Artificial intelligence (AI) is a series of co-related queries to retrieve data from a series of databases – often times, guessing what the end user needs.
Structure Query Language (SQL) is the most basic form of retrieving data and managing the databases that AI needs.
Although AI could possibly write the query you need, there is a chance that you would need to edit it and/or improve it. After all, some AI models anticipate what the user asks verbally and try to answer right away. The latter is annoying since these AI models use data compiled by user group data – collected from people from a certain age range, geographical location and/or other factor. As such, when a person asks for information that is not in the expected dataset (for example, a question about music sung in Russian when the model expects everyone to listen to music sung in English, worse yet without the compensation for bad pronunciation), AI returns pathetic answers. AI fails to guess. This is where you (as the developer) come in and improve the queries that AI might generate for you.
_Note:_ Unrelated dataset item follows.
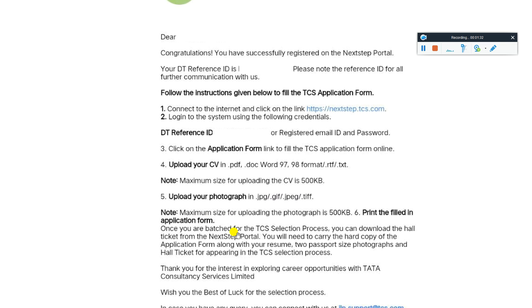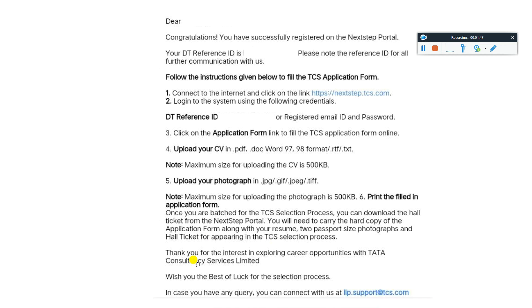Print the filled application form. Once you are shortlisted for the TCS selection process, you can download the hall ticket. You will need to carry a hard copy of the application form, along with your resume, a passport-size photograph, and the hall ticket for appearing in the TCS selection process.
Many vendors offer their own flavors of AI. For example, MySQL has its own libraries and facilities for AI – Automated Machine Language (AutoML) and Generative AI (GenAI).
MySQL AI provides integrated, automated, and secure machine learning (ML) and generative AI capabilities. AutoML simplifies ML processes, helping you build, train, and explain ML models without data movement or added costs. Similarly, in-database LLMs, a built-in vector store, and embedding models enable GenAI, semantic search, and retrieval-augmented generation (RAG) at reduced infrastructure costs and without data movement.
https://www.mysql.com/products/mysqlai/
As a developer, you need to clean what AI wrongfully believes is correct – often times going back to basic SQL. This is yet another reason why programming is fun.